Do you really care about your friends, family, colleagues or coworkers but have being thinking of how to start the conversation? No doubt, we all want to be caring individuals who are available to those who are around us. We may be concerned about these individuals or want to check in with them but beginning discussions that appear ‘deep’ or possibly emotional might be intimidating. The world is moving from having deep conversations to just focusing on the mere “hello” or “hi” without actually validating when someone says the famous “okay”.
Here are 5 discussion starters that will be useful when checking on someone.
- Find a neutral place: It’s important that conversations happen at times and in places that feel natural like in the café during breakfast or lunch, jogging around the park, or possibly while taking a ride with someone. The more typical the setting, the less strange and awkward the talk might feel. Every conversation doesn’t have to start in a formal place like offices or conference rooms.
- Maintain eye contact: We’ve all heard people say they’re “ok” when they aren’t. So, looking someone into the eyes when asking or perhaps, asking twice will be an important tactic for starting conversations and validating that someone is truly “ok”. Someone who is going through emotional stress might not say it but when you demonstrate your genuine interest, it will definitely trigger honest response and you can provide the necessary help needed for that individual at that time. This help can either come in the form of reassuring the individual or referral to experts for further assistance.
- Sharing your own feeling: Sometimes it’s important to share your thoughts and feelings to start up a conversation. If you want someone to open up to you, sharing your own feelings especially when positive might help them feel secure and understood. It might be as easy as revealing that you occasionally feel depressed or discussing something you’ve been concerned about recently. This will make it evident that you are willing to discuss feelings with no judgment and shows the individuals that hope is on the way.
- Show of support: If you know someone who had some emotional distress- whether they have recently taken time off work or have spoken about it in the past – don’t be hesitant to inquire how they are doing. There are acceptable ways to do this, and it may not be appropriate to bring up particular specifics, but just asking “how are things now?” or ” I’m here to support you” reminds that individual that they have nothing to be embarrassed of. The manner at wish you approach an individual who is undergoing a difficult moment or had undergone something emotional will really matter. Individuals need genuine concerns and care approach. More than likely, they will open up more when they feel support.

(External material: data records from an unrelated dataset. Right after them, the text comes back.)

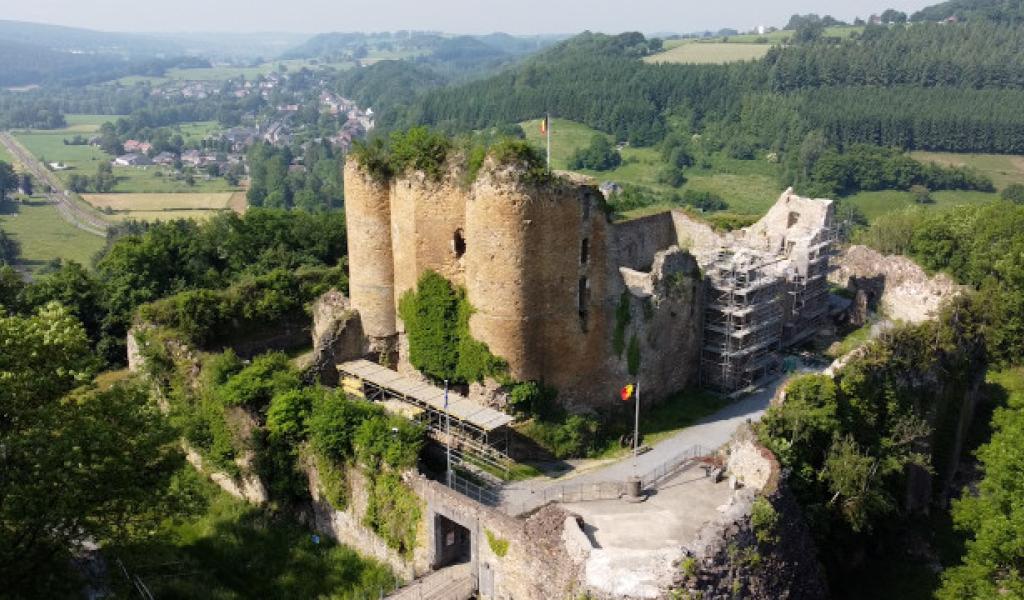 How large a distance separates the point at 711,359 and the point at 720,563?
17480mm

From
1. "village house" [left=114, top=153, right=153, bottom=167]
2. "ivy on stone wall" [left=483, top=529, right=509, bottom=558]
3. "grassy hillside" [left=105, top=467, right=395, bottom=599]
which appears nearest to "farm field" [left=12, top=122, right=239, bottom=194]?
"village house" [left=114, top=153, right=153, bottom=167]

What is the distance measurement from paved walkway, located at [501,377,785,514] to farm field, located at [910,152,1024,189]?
9402cm

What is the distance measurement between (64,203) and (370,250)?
111582 mm

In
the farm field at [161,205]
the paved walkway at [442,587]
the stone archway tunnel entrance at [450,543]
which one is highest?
the stone archway tunnel entrance at [450,543]

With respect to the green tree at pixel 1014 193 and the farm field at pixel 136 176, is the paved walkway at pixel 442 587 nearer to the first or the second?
the green tree at pixel 1014 193

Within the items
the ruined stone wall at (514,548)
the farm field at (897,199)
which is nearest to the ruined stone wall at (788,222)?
the ruined stone wall at (514,548)

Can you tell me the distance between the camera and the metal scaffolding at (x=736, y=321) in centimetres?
3750

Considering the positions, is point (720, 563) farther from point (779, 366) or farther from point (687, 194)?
point (687, 194)

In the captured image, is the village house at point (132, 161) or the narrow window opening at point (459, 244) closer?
the narrow window opening at point (459, 244)

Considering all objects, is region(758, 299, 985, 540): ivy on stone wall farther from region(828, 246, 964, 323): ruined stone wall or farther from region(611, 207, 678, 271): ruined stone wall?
region(611, 207, 678, 271): ruined stone wall

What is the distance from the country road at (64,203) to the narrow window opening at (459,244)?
83855 mm

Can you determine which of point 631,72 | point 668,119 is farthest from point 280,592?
point 631,72

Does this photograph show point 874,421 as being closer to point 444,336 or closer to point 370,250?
point 444,336

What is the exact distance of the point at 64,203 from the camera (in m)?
126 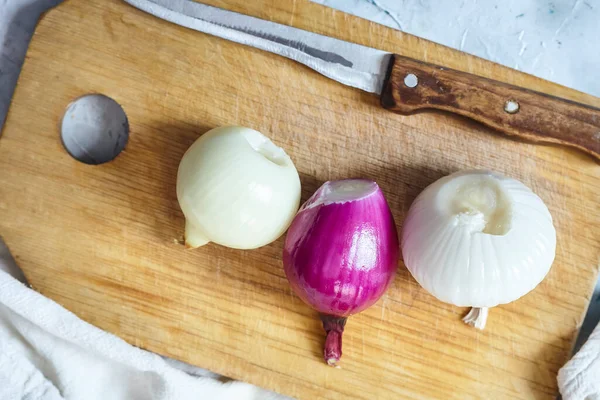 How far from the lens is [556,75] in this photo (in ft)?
3.81

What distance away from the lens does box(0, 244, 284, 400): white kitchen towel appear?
1027 millimetres

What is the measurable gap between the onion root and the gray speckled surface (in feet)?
0.78

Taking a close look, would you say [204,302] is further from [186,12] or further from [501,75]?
[501,75]

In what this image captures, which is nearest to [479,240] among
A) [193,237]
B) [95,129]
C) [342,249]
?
[342,249]

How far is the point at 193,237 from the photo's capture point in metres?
0.97

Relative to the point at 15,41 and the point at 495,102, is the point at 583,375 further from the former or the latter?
the point at 15,41

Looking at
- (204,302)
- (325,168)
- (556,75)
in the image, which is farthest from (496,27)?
(204,302)

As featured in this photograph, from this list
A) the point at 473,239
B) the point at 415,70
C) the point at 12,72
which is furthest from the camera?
the point at 12,72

- Observing verbal and nonverbal cues: Besides making eye contacts, it might be beneficial to observe someone’s facial expressions, interpret their body language, and, if appropriate, give them a hug. However, some people prefer to communicate through text or email, which is also okay, but nothing takes the place of face-to face interaction or via zoom/facetime (whatever means possible). Social media is also a great way to remain in touch with people. If any of the social media handles is their major means of communication, check in with them there. Remember, merely liking a post or sharing a funny video doesn’t mean we’ve connected with individuals. Reach out on chat or direct message to start up a conversation.